C’est une aventure en deux étapes ou plutôt deux grandes périodes de recherches, qui a commencé en 1979. Cette année-là, Roger Boulay est invité en Nouvelle-Calédonie pour rencontrer Jean-Marie Tjibaou, qui était une sorte de « grand animateur culturel », pour reprendre ses mots. Celui qui deviendra ensuite militant lui confie alors la mission de recenser les objets kanaks dispersés dans les musées du monde entier. Son souci était de savoir où était de savoir où se trouvaient ces collections, dans quel état elles étaient conservées et ce qui était dit du monde kanak dans leur présentation.
A l’époque, « l’état de la culture kanak est plus que préoccupant, puisqu’il y a quelques pièces qui sont montrées au musée de Nouméa mais il est pratiquement impossible de voir des objets ou de la sculpture traditionnelle dans les villages », présente l’ethnologue qui s’est d’abord intéressé à l’architecture des maisons kanaks.
S’il y avait si peu de traces de l’art et de la technique kanak, c’est parce ce peuple autochtone mélanésien a été enfermé dans des réserves depuis le milieu du XIXe siècle jusqu’à la fin de la deuxième guerre mondiale. « Ces pauvres gens étaient rassemblés de manière aléatoire et sans considération de l’endroit d’où ils venaient. Or, on sait que dans la culture ancienne kanak, l’endroit dont l’ancêtre primordial vient est extrêmement important.

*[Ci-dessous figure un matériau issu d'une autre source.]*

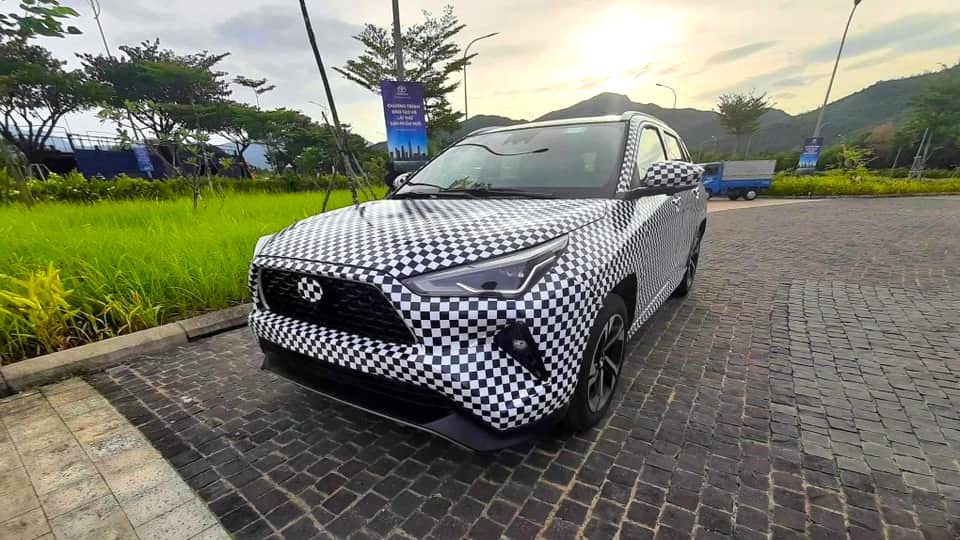 Toyota Yaris Cross 2023 đã xuất hiện tại Việt Nam, chuẩn bị làm khổ Hyundai Creta và Kia Seltos từ tháng sau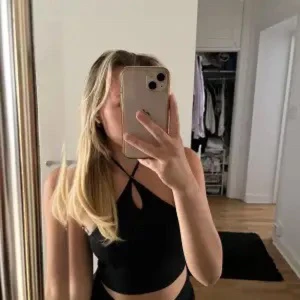 Svart ärmlös topp - Snyggt linne från Zara🩷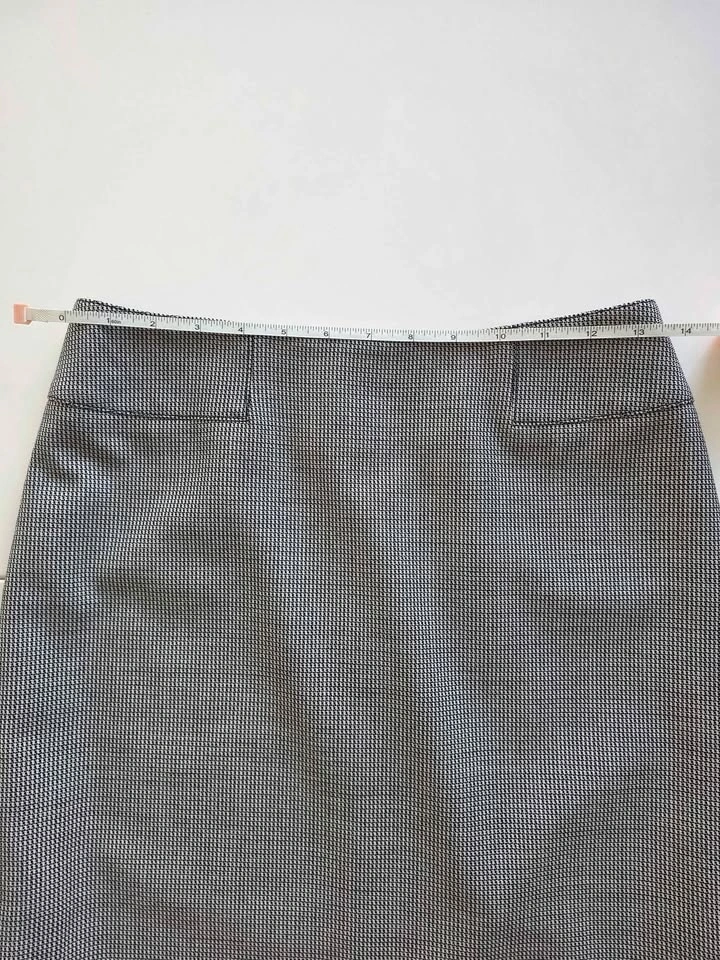 Hugo Boss Skirt - waist 13.5 inches - photo 4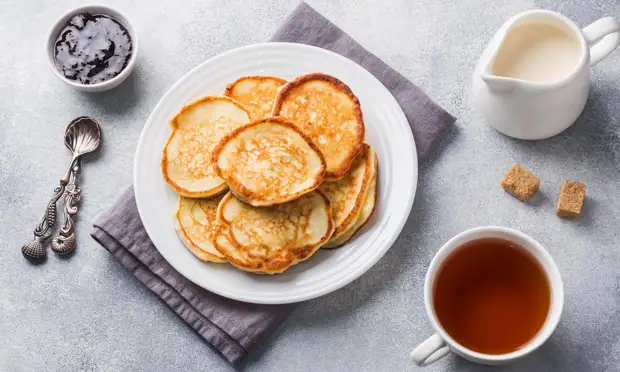 Вкусно, как в школе: рецепт пышных дрожжевых оладушек0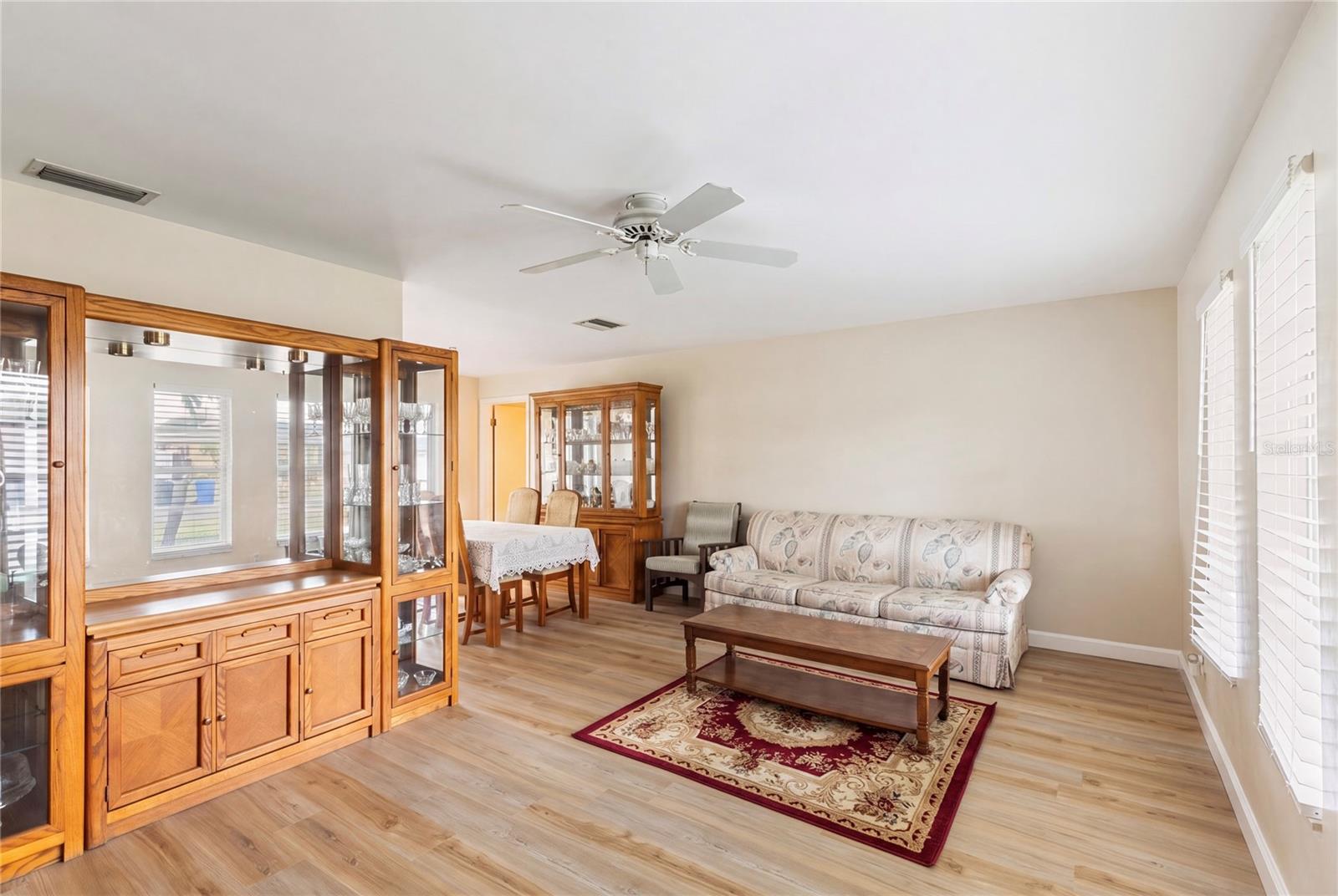 5th image of 1081 Mcfarland St, Dunedin, FL 34698 | MLS# TB8531185
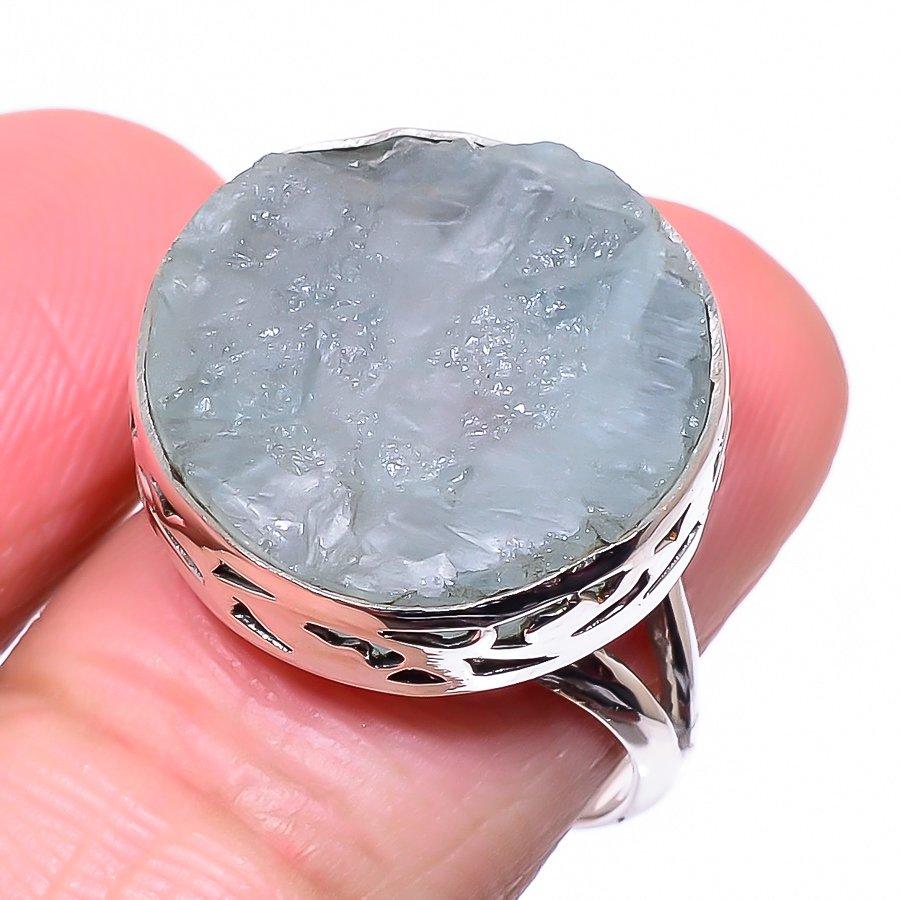 

Подарочное кольцо из стерлингового серебра 925 пробы с натуральным аквамарином и грубым драгоценным камнем S.8 c8K60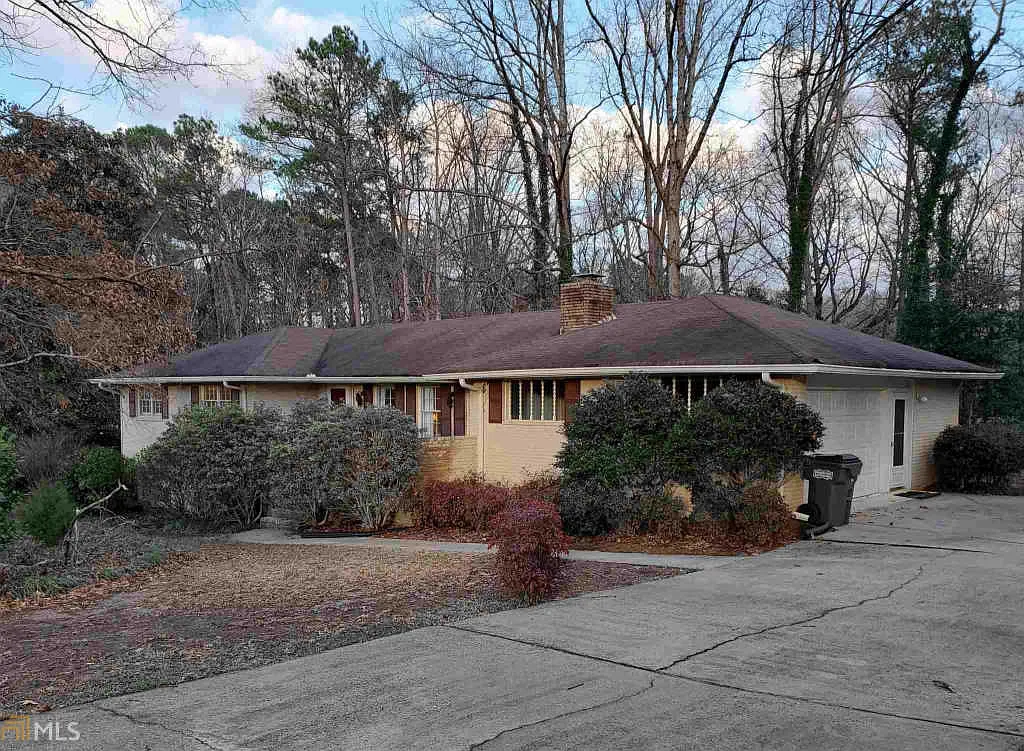 430 Burke Cir photo 1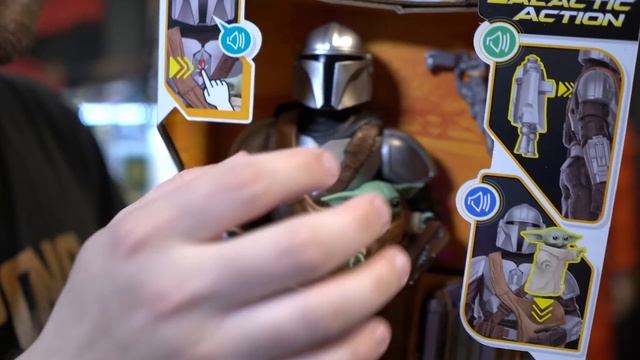 Unboxing the "Mando Mania" Gift Box from Hasbro  #MandoMania
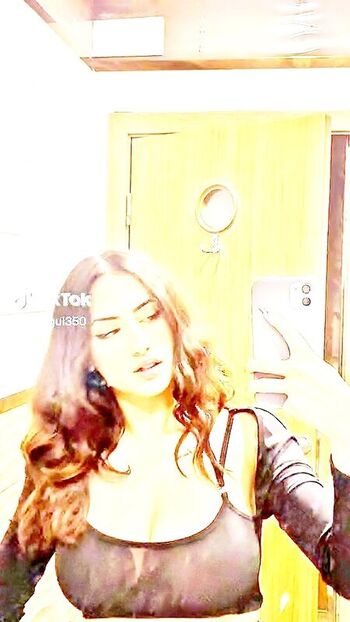 🔥 Turkish girls leaked private photo uncensored full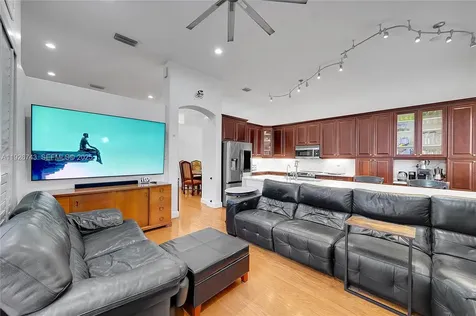 1135 Satinleaf Street Hollywood FL 33019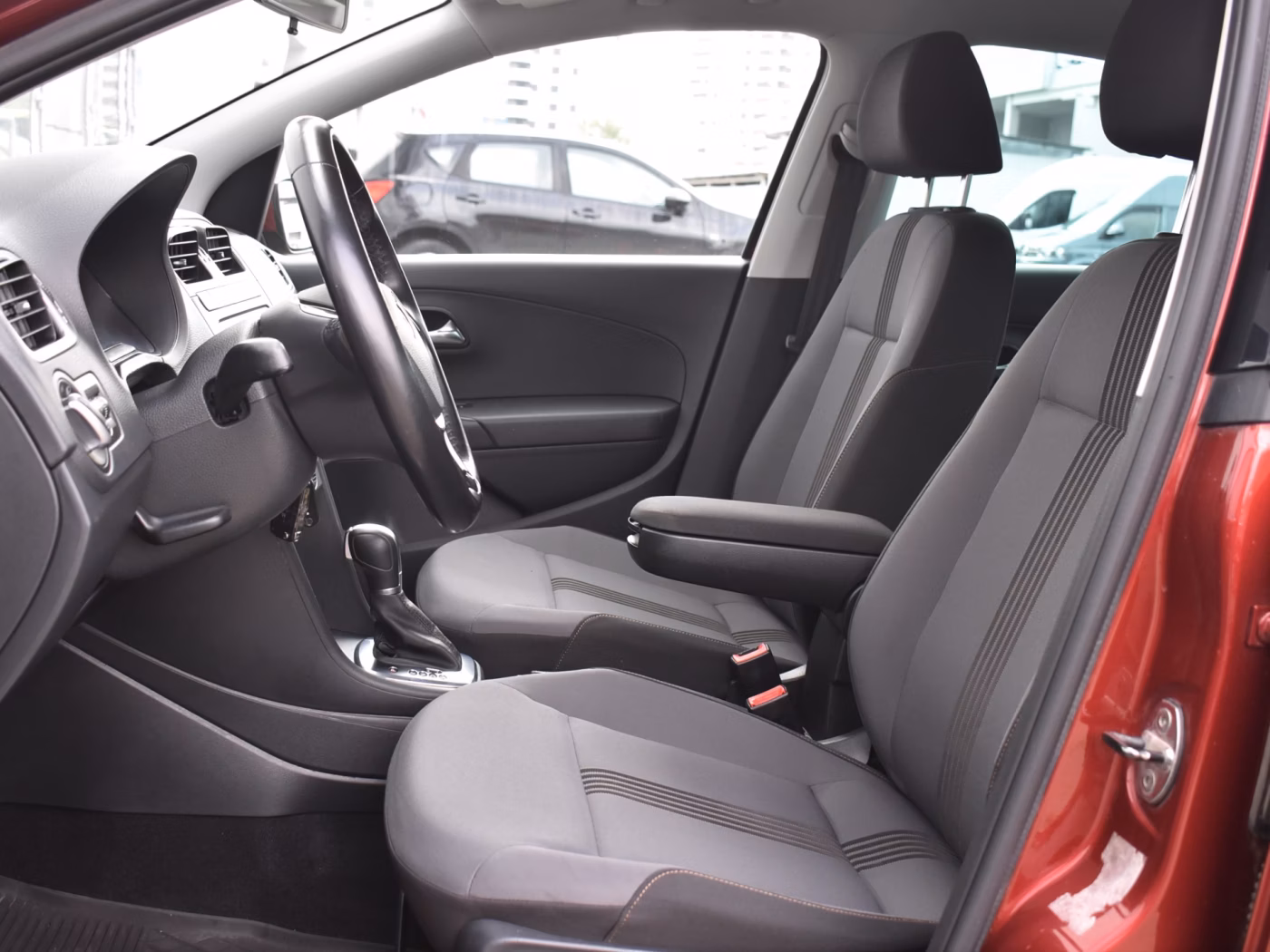 Volkswagen Polo Sedan фото 11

Conséquence, ils ont complétement perdu leurs repères territoriaux », relate le spécialiste du Pacifique. Etant enfermés, ils n’avaient plus accès aux forêts dans lesquels ils trouvaient le bois nécessaire à leur création. Ainsi, la transmission du métier de sculpteur s’est peu à peu éteinte. Là où les chants ont continué à se transmettre.
La mission était donc de taille pour Roger Boulay, qui devint alors collaborateur de l’Agence du développement de la culture kanak. « Le but, c’était de reconstruire une mémoire qui soit la plus complète possible de ce qui faisait cette culture matérielle », détaille-t-il. Plus de vingt ans de travail lui furent nécessaires pour faire une première liste des objets exposés en France et en Europe. Une recherche initiale qui se concrétisa par une première exposition à Nouméa en 1990, appelée « De jade et de nacre ».
En 2010, ce projet de recherche prit une nouvelle dimension quand le gouvernement de Nouvelle-Calédonie demande à Emmanuel Kasarhérou, alors chargé de mission de l’outre-mer au museé du quai Branly d’assurer la direction de l’opération IPKD, pour « Inventaire du patrimoine kanak dispersé », qui permettrait de terminer l’exhaustivité de l’inventaire déjà entrepris.
Avec un budget plus conséquent et une équipe de cinq personnes, Roger Boulay a pu mener à bien sa mission. 225 musées possédant des objets kanaks ont été recensés dans le monde, dont 157 en Europe. Près de 20000 objets kanaks sont passés entre les mains de l'équipe et plus de 6000 d’entre eux ont été retenus pour en faire des fiches pour chaque objet. C’est-à-dire plusieurs pages avec « des descriptions fines, complètes, accompagnées d’une trentaine de photos, de croquis et d’une biographie si on peut l’avoir concernant chaque objet », explique l’ethnologue. Ce sont ces croquis qui ont justement été exposés au musée du Quai Branly pendant plusieurs mois. Un livre éponyme à l'exposition les rassemble désormais.